L’administration finira par caricaturer le personnage, comme dans ce rapport rédigé le 21 juillet 1917 par un commissaire du 2e bureau : « Roussenq est heureux quand il croit pouvoir comme il le dit empoisonner l’administration. Depuis son arrivée au bagne, il n’a pas varié sa manière de faire. Il est irréductible. Les sanctions disciplinaires n’ont pas d’action sur lui. Il éprouve une réelle volupté à être puni au point qu’un commandant de pénitencier a pu écrire : le meilleur moyen de punir Roussenq, c’est de ne prendre contre lui aucune mesure disciplinaire. »

 

Mais au fil des ans, le rebelle se fatigue. « Sur ces roches, la discipline est stricte et il n’y a aucune possibilité d’améliorer le frugal ordinaire alloué », écrit-il le 25 novembre 1921 au ministre. « Je souffre depuis treize ans de cette situation. Je suis un malheureux condamné militaire, j’en appelle à l’humanité de la haute administration afin de m’accorder mon désinternement. » Il ne sera libéré que huit ans plus tard.



 

4119 jours passés au cachot

Paul Roussenq a battu tous les records de l’histoire de Cayenne.


Plus de onze ans et trois mois de cachot : avec 4 119 jours de punitions, selon un décompte du 24 juillet 1928, Paul Roussenq a battu les plus sinistres records. C’est là, dans ces réduits privés de lumière, qu’il a passé l’essentiel de sa peine.

 

« Ceux du camp de Saint-Joseph renferment un air si vicié et leur humidité est si persistante que les souliers y pourrissent en quinze jours, et le pain en 24 heures », écrit-il le 12 août 1910 au ministre des Colonies. Le 15 novembre 1910, un PV du surveillant signale : « Ce jour à 7 h, notre attention fut attirée par l’état de surexcitation dans lequel était ce transporté. Il s’écriait à haute voix : "Cette saloperie de commandant, je

lui cracherais à la gueule, cette grosse vache, ce crève-la-faim, les surveillants n’ont pas fini de me faire des rapports ! » Ses habits sont couverts d’inscriptions à l’encre : « Sur le devant de la jambe droite, en haut : "Vive la révolte". En bas : "Je me charge de faire chier l’administration, signé Roussenq". Roussenq dit avoir écrit suite à une punition à 60 jours de cachot. » 

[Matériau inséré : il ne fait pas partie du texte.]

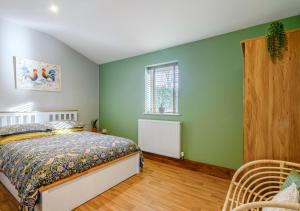 a bedroom with green walls and a bed at The Roost - Glen Farm in Thurgarton
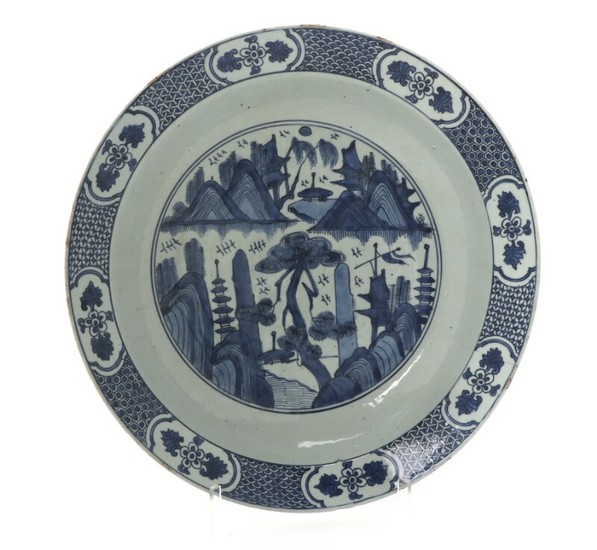 Large Chinese porcelain dish decorated in underglaze blue with scenery, border divided into fields with cartouches. 19th-20th century. Diam. 41,5 cm.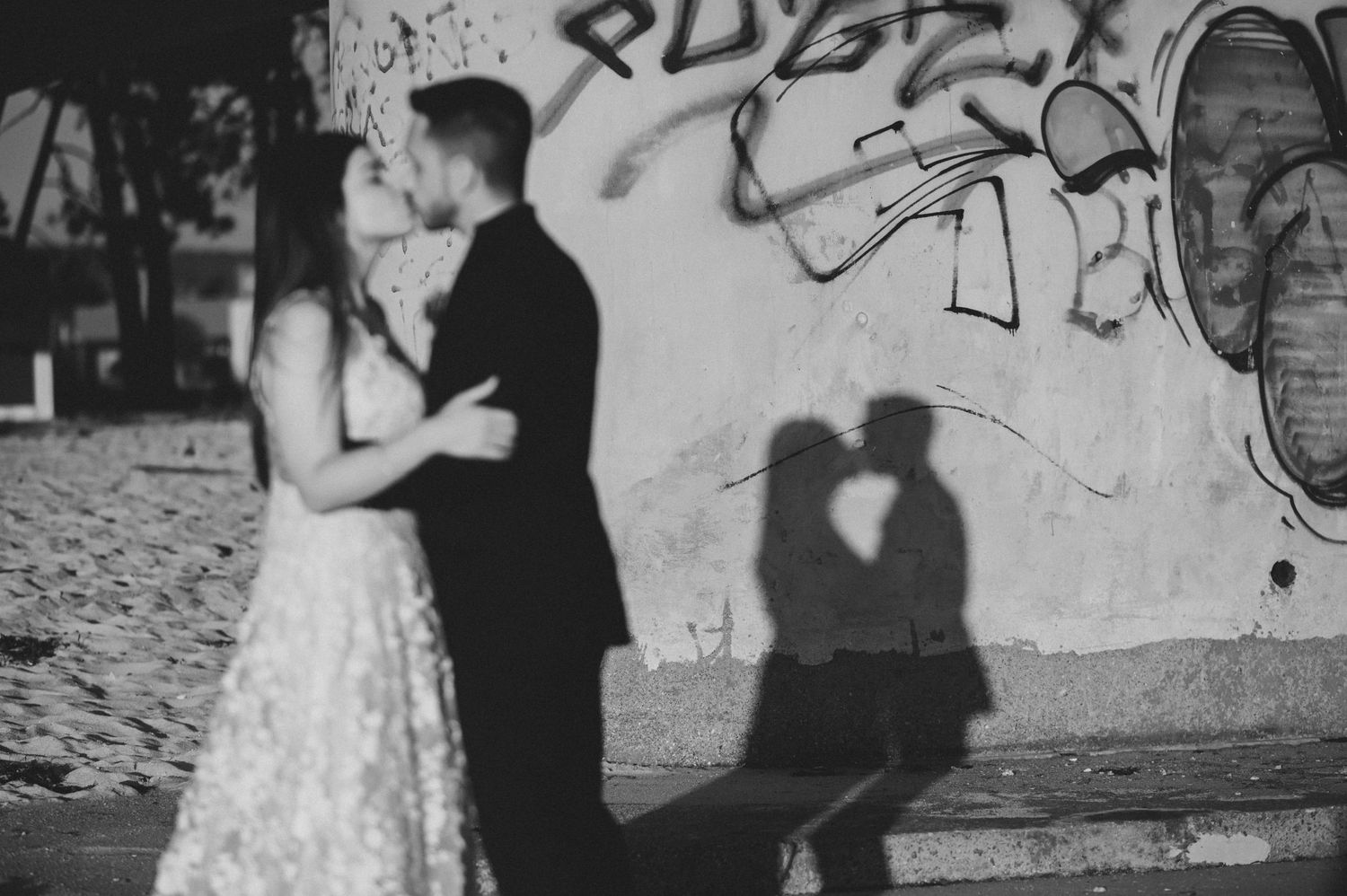 Black and white photos of a couple posing against a graffiti wall in an urban setting.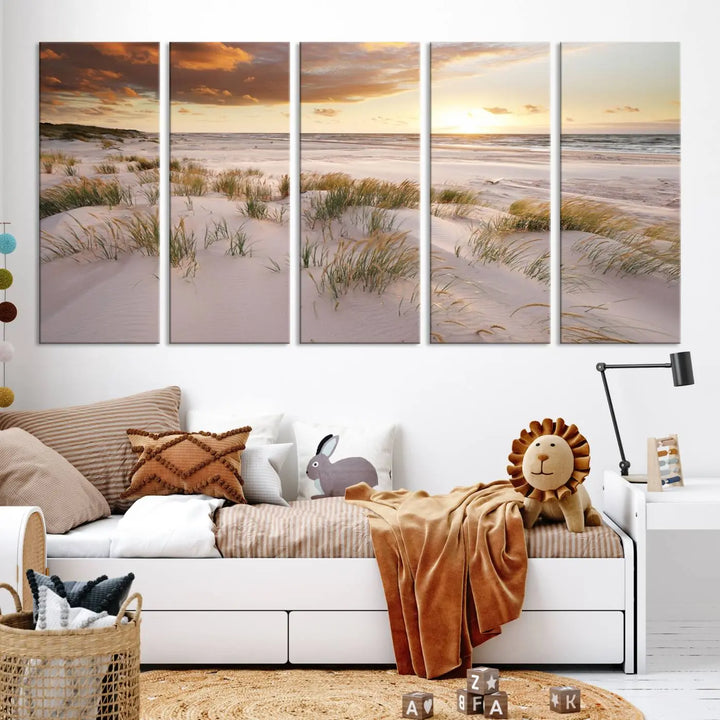 A triptych of the Ocean Beach Wall Art Canvas Print Sunset Artwork Print Coastal Wall Art showcases a serene beach landscape with sand dunes and grasses, gallery wrapped on museum-quality canvas.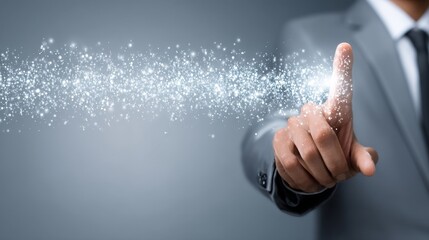 Poster - Innovation and Transformation - Businessperson's fingertip activating a stream of particles, symbolizing innovation and technological advancement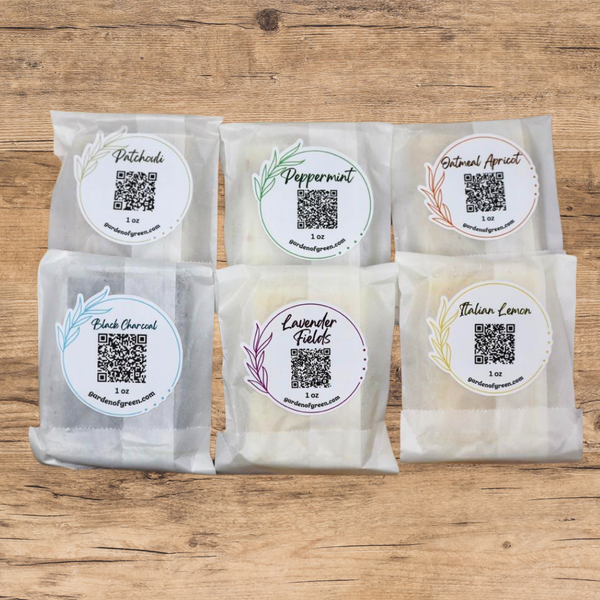 6 -1 oz bars of soap set out in 2 lines , all wrapped in white packaging with a  garden of green sticker that has a QR code and what kind of soap it is like patchouli, peppermint, oatmeal apricot, black charcoal, lavender fields, Italian lemon on each one. they are on a light wood background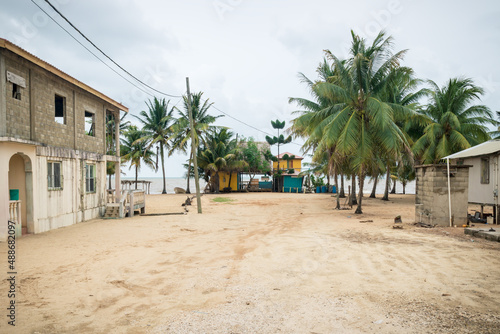 Sand path to local beach bar at Caribbean ocean in Hopkins, Belize photo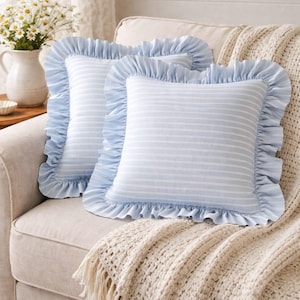 May include: Two square throw cushions featuring a light blue and white horizontal striped pattern. Each cushion is finished with a wide, gathered ruffle border in the same light blue fabric, creating a soft, decorative edge around the entire perimeter.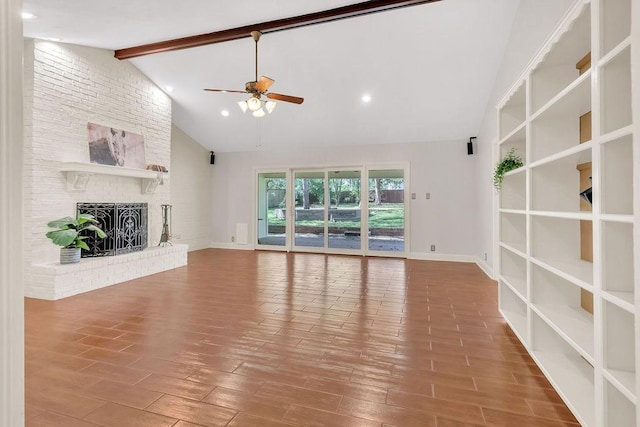 unfurnished living room with ceiling fan, beam ceiling, wood-type flooring, and a brick fireplace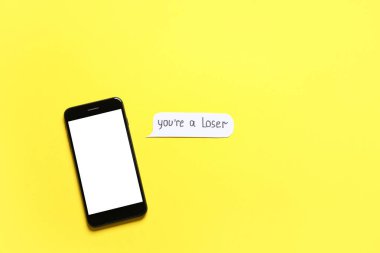 Sarı arkaplan üzerinde boş cep telefonu olan bir konuşma balonu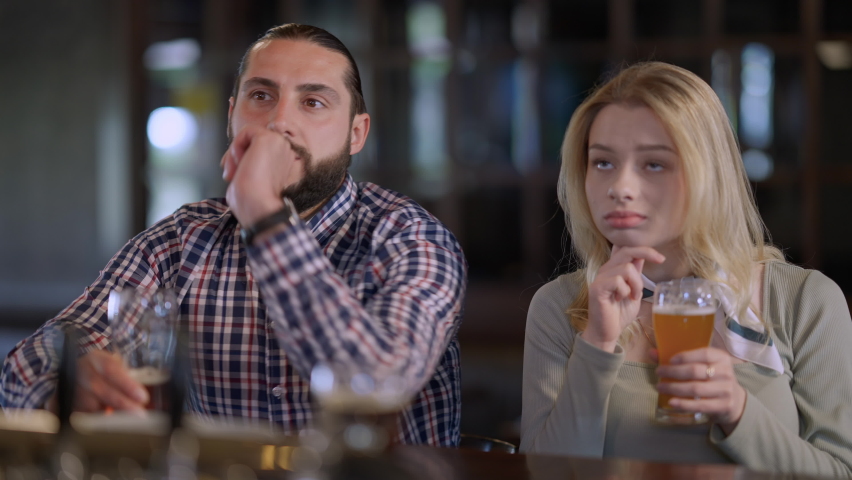 Bored girlfriend yawning sitting in pub with boyfriend watching football soccer match talking. Portrait of disinterested Caucasian young woman dating with enthusiastic man sports fan in bar indoors Royalty-Free Stock Footage #1080514970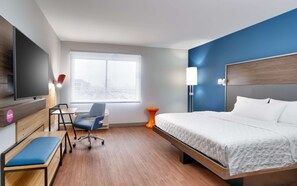 A hotel room with a bed, a desk with a chair, a TV, a window with a view, and a lamp. - TRU by Hilton Lehi, UT (Lehi)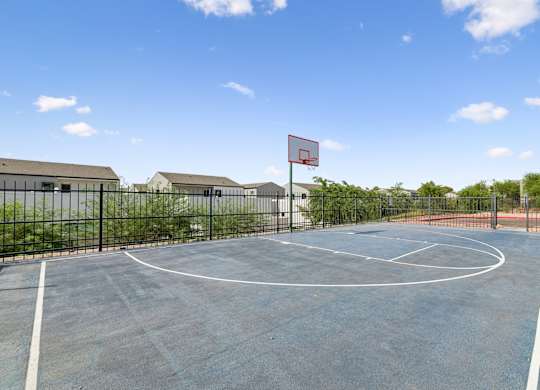 A basketball court with a red hoop and a black fence.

Autre image, terrible, tirée d’un PV du 22 février 1911 : « Appelés par le transporté Roussenq, nous avons vu sur les murs de son cachot des écrits, qui étaient des insultes à l’égard des surveillants faits avec ses excréments. » Exemple : « Des 60 jours, je m’en fous autant que de ma première paire de chaussettes ! Je n’ai pas fini de vous occuper, je suis libre dans mon cachot, débarrassé de toute contrainte ! Je serai plus têtu que vous, vampires que vous êtes ! » Et puis ces punitions, demandées le 15 juillet 1921 : « A été surpris grimpé aux barreaux de sa cellule, a déclaré au chargé de réclusion qu’il recommencerait quand ça lui plairait. A grimpé de nouveau aux barreaux de sa cellule, en criant : "Une autre punition, s’il vous plaît, je remonterai tout à l’heure, cela fera trois. » Le lendemain, il en reçoit une autre : « Persiste à grimper aux barreaux de sa cellule, malgré trois observations faites à ce sujet ».

 

 


 

Un Nîmois veut réhabiliter Roussenq

Daniel Vidal, militant anarchiste à Nîmes, auteur d’une biographie de Roussenq 

 

Qu’est-ce qui vous a attiré chez Paul Roussenq ?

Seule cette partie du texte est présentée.